Biden signs bill aimed at averting rail strike, says nation avoided 'catastrophe'
Congress voted to force workers to accept a settlement.
President Joe Biden on Friday signed legislation aimed at averting a nationwide rail strike while acknowledging that workers didn't get everything they wanted.
Biden, speaking from the Roosevelt Room, said the bill "ends a difficult rail dispute and helps our nation avoid what coming out of that would have been an economic catastrophe in a very bad time in the calendar."
The legislation, passed under pressure of a looming Dec. 9 deadline by the House and Senate this week, forces workers to accept a tentative agreement Biden himself helped broker between unions and rail companies back in September that offered union members a raise and increased health care benefits.
That agreement was later rejected by some worker unions because it didn't include days of paid sick leave.
But on Thursday, the Senate voted 80-to-15 to impose the agreement while subsequently voting down a bill passed by the House that would have provided workers with seven days of paid sick leave.
Six Republicans voted to add sick leave but the measure ultimately fell short of the 60 votes needed to pass. Some of those lawmakers joined five Democratic caucus members, including Sens. Bernie Sanders and Elizabeth Warren, in voting against the bill forcing workers to accept the agreement.
"Look, I know this bill doesn't have paid sick leave these rail workers, and frankly every worker in America, deserves," Biden, criticized for not doing more for workers despite calling himself a pro-union president, said Friday. "But that fight isn't over.
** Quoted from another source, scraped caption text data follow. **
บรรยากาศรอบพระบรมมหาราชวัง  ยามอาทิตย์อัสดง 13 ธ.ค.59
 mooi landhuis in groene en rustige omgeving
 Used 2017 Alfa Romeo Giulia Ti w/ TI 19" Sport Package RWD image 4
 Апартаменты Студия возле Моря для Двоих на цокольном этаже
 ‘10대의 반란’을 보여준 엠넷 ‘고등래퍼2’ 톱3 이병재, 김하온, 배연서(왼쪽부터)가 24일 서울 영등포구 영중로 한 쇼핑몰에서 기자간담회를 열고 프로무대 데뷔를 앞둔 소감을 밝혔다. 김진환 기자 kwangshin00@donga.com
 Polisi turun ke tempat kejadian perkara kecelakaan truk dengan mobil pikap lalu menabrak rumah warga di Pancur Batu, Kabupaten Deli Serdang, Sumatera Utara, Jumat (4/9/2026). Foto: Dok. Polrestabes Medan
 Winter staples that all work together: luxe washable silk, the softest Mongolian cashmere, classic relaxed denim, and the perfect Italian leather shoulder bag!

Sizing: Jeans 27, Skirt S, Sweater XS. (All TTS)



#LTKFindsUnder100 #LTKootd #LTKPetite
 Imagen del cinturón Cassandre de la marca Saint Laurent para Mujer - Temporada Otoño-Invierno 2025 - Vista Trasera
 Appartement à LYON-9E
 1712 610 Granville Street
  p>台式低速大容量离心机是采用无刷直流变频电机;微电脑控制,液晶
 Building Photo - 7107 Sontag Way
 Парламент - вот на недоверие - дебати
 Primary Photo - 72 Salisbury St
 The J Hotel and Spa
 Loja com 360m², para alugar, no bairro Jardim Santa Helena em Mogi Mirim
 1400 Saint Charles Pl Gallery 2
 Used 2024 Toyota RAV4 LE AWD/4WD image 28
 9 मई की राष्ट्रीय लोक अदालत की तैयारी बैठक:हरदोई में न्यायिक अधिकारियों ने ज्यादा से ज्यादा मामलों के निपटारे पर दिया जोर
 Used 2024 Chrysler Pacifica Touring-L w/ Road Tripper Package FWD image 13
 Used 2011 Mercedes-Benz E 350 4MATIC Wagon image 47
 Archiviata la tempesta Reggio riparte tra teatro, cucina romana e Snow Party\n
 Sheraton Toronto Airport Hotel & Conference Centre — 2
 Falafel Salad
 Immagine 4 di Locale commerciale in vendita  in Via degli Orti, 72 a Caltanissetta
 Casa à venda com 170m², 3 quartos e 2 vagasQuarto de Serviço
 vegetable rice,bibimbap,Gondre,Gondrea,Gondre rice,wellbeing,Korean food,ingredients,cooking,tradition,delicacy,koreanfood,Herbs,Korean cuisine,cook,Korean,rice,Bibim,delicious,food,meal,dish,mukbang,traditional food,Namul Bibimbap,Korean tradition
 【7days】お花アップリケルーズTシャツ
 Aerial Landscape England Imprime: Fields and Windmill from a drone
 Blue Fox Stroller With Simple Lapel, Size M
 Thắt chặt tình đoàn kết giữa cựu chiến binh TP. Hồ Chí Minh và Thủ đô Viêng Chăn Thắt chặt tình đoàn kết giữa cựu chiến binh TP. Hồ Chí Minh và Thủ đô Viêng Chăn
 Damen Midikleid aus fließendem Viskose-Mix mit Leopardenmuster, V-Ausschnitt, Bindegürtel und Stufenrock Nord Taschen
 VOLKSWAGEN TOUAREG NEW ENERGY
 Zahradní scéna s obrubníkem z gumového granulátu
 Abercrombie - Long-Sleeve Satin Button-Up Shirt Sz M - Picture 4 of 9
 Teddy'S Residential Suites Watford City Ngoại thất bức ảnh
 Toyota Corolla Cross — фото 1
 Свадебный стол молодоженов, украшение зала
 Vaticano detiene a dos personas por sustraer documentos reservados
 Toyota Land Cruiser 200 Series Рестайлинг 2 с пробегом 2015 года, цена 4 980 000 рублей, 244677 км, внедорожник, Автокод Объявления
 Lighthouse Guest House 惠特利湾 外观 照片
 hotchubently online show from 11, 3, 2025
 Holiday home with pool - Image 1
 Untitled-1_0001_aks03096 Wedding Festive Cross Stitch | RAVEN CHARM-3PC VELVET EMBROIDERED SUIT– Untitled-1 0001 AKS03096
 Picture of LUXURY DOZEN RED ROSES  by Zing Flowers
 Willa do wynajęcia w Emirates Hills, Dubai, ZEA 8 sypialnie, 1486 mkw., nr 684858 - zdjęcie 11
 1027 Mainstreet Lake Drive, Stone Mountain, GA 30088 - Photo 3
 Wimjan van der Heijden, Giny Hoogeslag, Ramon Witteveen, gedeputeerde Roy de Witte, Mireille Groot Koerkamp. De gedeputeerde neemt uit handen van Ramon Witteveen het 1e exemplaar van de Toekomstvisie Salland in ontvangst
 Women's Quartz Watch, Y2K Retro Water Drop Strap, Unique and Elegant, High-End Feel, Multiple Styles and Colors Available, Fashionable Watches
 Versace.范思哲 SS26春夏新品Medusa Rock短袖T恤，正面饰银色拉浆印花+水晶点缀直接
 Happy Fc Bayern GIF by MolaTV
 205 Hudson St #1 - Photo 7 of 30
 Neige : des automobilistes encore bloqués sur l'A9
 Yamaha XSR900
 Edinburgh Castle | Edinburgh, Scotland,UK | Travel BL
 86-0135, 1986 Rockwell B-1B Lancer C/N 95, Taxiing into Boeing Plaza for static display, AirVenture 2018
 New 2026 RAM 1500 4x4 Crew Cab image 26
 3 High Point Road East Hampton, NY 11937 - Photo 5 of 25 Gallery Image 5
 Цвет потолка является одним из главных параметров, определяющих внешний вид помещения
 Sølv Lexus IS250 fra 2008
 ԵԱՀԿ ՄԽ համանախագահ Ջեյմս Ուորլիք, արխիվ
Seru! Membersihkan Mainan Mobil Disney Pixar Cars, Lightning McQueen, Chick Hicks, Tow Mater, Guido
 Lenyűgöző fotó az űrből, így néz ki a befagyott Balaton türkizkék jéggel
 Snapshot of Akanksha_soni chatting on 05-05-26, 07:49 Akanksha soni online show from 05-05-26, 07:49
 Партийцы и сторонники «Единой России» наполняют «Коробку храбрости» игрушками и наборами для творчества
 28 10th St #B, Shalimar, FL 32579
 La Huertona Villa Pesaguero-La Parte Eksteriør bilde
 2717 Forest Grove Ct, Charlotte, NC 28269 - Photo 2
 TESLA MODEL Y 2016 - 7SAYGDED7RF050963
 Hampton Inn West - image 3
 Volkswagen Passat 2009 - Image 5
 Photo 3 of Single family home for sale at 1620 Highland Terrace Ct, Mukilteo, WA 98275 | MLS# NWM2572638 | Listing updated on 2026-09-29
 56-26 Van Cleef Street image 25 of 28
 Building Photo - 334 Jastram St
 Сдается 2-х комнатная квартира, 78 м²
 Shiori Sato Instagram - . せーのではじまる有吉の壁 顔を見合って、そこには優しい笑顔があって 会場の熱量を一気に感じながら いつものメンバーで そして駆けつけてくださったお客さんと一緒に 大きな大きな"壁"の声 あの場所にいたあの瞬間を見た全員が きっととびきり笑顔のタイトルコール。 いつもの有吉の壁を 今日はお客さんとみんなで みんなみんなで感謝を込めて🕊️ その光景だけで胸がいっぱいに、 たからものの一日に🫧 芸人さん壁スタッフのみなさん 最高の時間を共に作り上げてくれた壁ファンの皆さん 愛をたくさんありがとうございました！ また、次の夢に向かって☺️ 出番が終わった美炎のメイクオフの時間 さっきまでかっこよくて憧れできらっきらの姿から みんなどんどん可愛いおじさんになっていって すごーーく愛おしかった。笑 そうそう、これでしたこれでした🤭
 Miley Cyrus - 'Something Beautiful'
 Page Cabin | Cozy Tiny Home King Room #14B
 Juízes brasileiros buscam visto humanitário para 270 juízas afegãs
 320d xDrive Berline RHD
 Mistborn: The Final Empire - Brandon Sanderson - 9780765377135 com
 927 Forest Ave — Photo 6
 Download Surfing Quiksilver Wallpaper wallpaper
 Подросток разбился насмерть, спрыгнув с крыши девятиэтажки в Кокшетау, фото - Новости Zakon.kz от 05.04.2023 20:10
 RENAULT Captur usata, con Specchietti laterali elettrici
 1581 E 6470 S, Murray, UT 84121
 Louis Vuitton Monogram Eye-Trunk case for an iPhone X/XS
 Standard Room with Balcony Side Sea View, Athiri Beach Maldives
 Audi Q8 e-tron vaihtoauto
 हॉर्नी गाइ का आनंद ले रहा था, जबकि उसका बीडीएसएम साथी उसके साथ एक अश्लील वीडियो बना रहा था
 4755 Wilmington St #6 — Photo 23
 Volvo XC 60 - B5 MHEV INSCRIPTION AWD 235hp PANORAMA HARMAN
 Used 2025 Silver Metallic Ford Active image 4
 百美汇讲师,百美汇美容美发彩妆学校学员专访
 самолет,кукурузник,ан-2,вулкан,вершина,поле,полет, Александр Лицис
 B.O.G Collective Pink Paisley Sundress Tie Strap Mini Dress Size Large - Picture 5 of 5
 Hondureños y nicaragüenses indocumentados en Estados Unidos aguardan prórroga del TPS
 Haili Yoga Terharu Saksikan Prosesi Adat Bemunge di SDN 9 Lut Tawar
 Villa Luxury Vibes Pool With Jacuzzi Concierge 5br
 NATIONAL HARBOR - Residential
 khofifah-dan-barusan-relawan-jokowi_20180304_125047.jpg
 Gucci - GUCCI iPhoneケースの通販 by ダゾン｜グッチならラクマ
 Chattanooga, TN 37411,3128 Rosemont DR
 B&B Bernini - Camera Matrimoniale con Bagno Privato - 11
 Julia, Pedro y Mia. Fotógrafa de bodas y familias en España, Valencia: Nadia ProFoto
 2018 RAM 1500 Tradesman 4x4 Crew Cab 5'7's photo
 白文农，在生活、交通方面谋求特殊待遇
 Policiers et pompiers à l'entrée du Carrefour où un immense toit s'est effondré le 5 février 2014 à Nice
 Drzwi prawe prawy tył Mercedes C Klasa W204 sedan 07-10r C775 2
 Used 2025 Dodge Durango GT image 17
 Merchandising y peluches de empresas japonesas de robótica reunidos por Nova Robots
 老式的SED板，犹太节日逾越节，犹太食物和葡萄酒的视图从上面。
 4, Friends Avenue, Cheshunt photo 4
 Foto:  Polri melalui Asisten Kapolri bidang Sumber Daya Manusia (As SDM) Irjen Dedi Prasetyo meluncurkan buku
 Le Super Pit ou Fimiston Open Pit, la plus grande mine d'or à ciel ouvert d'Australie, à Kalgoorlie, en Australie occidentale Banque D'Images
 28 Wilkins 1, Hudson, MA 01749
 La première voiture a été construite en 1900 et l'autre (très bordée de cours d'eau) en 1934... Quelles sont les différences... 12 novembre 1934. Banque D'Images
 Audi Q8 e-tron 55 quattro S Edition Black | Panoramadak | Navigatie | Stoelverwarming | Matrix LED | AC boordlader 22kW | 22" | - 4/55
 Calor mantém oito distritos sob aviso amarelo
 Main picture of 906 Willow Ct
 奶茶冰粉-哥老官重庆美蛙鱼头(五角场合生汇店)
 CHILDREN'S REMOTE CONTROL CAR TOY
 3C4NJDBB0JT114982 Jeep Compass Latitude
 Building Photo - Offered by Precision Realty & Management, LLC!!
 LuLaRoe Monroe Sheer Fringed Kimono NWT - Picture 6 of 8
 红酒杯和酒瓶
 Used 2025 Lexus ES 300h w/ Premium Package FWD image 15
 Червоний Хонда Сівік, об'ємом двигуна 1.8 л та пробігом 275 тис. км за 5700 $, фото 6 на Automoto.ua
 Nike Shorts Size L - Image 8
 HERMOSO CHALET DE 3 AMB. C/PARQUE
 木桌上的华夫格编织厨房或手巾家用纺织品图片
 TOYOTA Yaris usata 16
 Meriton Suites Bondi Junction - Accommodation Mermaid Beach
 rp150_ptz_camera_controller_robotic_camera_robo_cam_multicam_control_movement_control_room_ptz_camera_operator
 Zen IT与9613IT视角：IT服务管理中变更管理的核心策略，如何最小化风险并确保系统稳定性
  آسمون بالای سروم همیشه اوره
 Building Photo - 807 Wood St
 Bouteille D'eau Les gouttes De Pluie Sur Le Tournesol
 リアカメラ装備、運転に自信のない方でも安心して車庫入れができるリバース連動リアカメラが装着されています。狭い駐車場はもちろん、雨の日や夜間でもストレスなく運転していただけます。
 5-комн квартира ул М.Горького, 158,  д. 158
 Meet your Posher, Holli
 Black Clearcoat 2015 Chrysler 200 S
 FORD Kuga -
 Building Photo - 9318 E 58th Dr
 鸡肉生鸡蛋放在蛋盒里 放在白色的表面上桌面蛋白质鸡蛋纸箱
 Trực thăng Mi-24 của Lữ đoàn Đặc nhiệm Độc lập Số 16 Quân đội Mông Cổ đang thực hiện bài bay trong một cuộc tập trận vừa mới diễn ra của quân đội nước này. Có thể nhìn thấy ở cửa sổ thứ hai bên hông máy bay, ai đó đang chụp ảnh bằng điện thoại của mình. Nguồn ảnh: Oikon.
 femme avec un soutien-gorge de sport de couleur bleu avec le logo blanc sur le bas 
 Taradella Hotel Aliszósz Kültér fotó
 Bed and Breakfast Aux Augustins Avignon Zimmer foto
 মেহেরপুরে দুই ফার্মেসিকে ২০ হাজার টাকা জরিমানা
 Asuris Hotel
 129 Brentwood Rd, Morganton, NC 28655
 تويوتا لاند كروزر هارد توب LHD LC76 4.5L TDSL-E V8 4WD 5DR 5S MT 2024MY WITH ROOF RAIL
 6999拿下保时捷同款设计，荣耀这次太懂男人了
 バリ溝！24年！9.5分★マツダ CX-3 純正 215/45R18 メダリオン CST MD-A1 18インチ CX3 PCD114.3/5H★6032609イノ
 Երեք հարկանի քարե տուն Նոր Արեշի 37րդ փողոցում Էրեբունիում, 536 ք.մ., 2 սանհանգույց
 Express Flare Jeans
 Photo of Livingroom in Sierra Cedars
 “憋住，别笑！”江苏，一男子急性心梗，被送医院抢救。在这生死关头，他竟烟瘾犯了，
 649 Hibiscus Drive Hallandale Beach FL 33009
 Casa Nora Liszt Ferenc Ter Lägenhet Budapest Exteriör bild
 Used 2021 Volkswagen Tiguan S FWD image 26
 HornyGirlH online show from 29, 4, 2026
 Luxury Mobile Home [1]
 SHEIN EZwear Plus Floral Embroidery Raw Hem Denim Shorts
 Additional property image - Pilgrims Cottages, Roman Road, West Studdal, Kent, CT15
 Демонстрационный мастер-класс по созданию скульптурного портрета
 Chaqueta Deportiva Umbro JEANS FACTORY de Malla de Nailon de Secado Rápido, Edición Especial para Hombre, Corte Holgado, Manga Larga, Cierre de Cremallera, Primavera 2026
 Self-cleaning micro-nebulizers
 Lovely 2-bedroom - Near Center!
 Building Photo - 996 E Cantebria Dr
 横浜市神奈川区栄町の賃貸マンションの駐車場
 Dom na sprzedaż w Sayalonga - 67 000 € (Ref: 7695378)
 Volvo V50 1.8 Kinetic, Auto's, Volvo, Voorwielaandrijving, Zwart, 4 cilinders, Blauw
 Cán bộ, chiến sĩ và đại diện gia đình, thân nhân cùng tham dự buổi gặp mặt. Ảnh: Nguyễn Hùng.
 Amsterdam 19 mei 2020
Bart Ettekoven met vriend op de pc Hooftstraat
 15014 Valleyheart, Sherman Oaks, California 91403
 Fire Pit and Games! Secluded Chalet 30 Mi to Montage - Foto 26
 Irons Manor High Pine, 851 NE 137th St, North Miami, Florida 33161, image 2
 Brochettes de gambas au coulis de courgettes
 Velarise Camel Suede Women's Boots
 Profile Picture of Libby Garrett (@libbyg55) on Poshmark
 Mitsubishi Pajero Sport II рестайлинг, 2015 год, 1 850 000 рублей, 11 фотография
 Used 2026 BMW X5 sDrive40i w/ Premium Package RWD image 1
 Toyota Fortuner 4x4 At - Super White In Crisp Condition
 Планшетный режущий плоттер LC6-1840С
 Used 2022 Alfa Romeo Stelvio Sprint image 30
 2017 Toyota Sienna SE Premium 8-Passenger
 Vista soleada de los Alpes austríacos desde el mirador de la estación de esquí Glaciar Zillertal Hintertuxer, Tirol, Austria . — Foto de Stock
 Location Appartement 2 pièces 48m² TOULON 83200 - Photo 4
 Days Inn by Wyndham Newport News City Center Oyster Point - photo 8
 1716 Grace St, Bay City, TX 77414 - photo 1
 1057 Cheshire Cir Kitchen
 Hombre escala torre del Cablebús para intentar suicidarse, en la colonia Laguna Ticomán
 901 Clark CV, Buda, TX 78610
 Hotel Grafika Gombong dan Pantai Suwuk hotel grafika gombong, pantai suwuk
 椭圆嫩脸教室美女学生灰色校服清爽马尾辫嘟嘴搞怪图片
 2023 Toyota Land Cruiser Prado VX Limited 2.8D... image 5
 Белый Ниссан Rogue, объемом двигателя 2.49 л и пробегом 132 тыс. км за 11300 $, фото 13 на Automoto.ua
I didn't commit we were going to stop this because we couldn't get in this bill that we were going to stop fighting for it. I supported paid sick leave for a long time. I'm going to continue that fight to we succeed."
Sanders, who led the effort to get sick leave passed, slammed railroad companies for not giving their workers these days despite bringing in massive profits. Unions asked for 15 sick days but the railroads settled on one personal day.
"At a time of record-breaking profits for the rail industry, it is disgraceful that railroad workers do not have a single day of paid sick leave," he said in a statement after Thursday's vote.
Rail companies celebrated the legislation's passage, with Association of American Railroads President and CEO Ian Jefferies saying the Senate "acted with leadership and urgency with today's vote to avert an economically devastating rail work stoppage."
A strike would've cost $2 billion a day in lost economic output, according to the Association of American Railroads. Such a loss would've likely forced Americans to pay more out of pocket for goods, experts previously told ABC News.
Transportation Secretary Pete Buttigieg also praised the "swift bipartisan action in Congress to prevent a devastating rail shutdown.
"This deal will see well-deserved and long-overdue pay increases for rail workers," Buttigieg said. "Meanwhile, we will continue to push for paid leave for all American workers."
Biden was the one to ask Congress to step in to avoid the strike. He said he was hesitant to override workers but that larger economic concerns required the deal to be adopted.
"I know this was a tough vote for members of both parties," Biden said on Friday. "It was a tough for me. But it was the right thing to do at the moment to save jobs, to protect millions of working families from harm and disruption, and to keep supply chains stable around the holidays and to continue the progress we've made and to continue to see on the economy. "
But workers weren't pleased with the congressional action, with some accusing Biden of going against his pro-union statements.
The Brotherhood of Maintenance of Way Employees Division, after Biden's call for Congress to act, said the president was ignoring workers' concerns.
SMART-TD, the second-largest rail union representing about 28,000 conductors, said in a statement after the Senate vote that it was "extremely disappointing" that so many voted against sick leave.
"The ask for sick leave was not out of preference, but rather out of necessity. No American worker should ever have to face the decision of going to work sick, fatigued or mentally unwell versus getting disciplined or being fired by their employer, yet that is exactly what is happening every single day on this nation's largest freight railroads," the union said.